Some of the leading artificial intelligence CEOs have warned about the existential threat of the technology they have done much to promulgate. These, alongside a healthy number of experts and professors in the field, have gathered more than 350 signatures for a statement urging action against “the risk of extinction from AI.”
Sam Altman, the CEO of ChatGPT OpenAI, was joined by DeepMind founder Demis Hassabis, Anthropic AI lab head Dario Amodei, and hundreds of others in describing the potential harm of AI as relative to nuclear war. Computer Science Professor Geoffrey Hinton, otherwise known as the ‘Godfather of AI’, who quit Google this month with regret about his life’s work, was also among the signatories.
The collective clout of the signatories did not, however, result in a long and thoughtful statement, but rather a 22-word advisory for policymakers. This read:
Mitigating the risk of extinction from AI should be a global priority alongside other societal-scale risks such as pandemics and nuclear war.
No highlighting of the specific harms of AI (which would have been helpful given the apparent ignorance about the technology among policymakers) nor the possible methods of mitigating the risks were mentioned. Responding to the statement, published by the Center for AI Safety, tech writer Jürgen Geuter wrote in a post on Twitter that “if the people signing this document about “AI risk” were serious, they wouldn’t keep building these systems and selling them (actually renting them out) on the open market.”

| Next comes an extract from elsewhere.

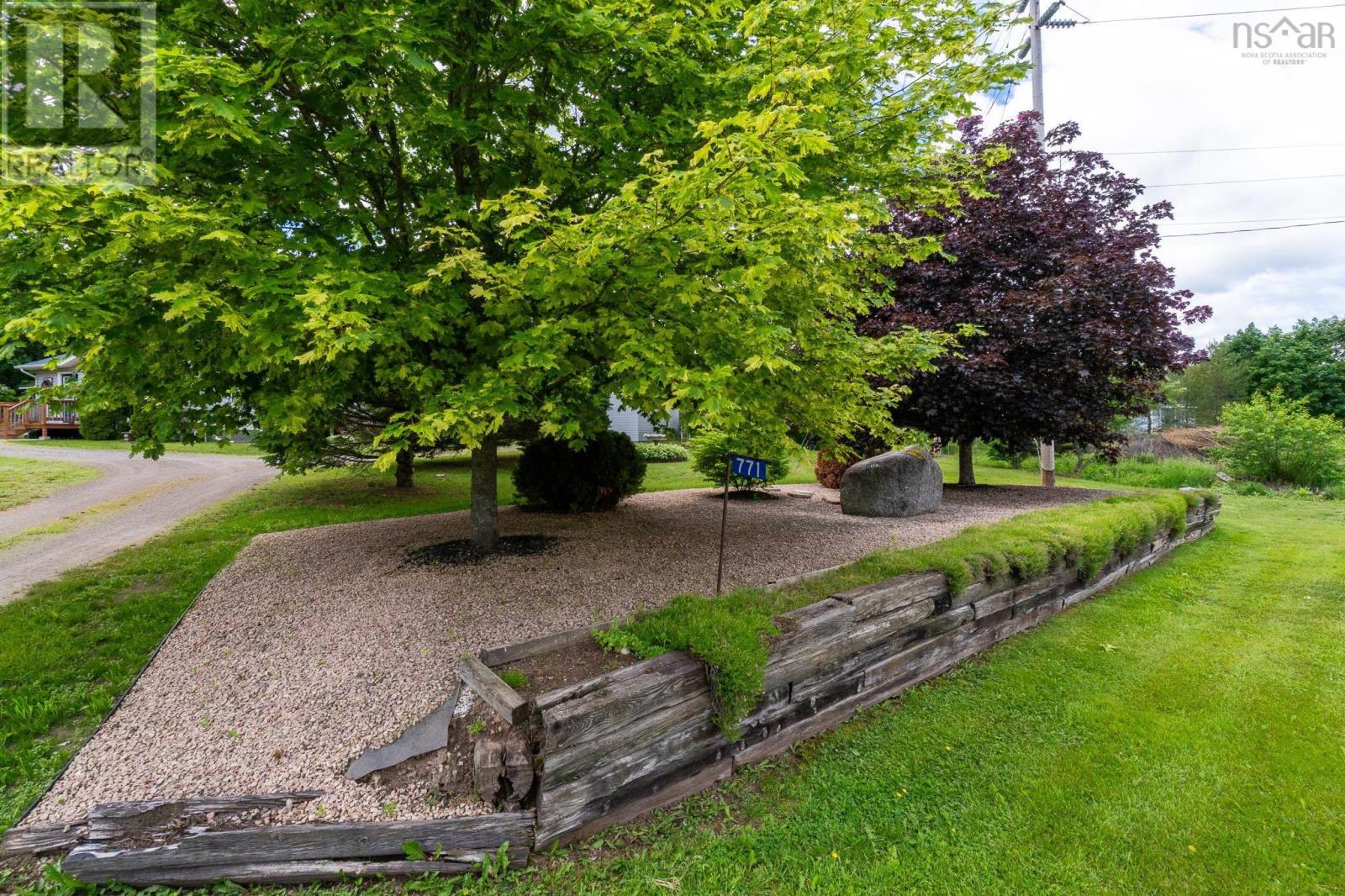 771 Randolph Road - 39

Panelists at The European Conservative’s latest event, on the “coding of a new Europe,” agreed that the digital transition should be “put on ice” at least until the position of the human has been fully realised. Political analyst Carlos Perona Calvete stressed that “the human subject has to be the locus.”
Mr. Altman will be meeting with European Commission President Ursula von der Leyen later this week.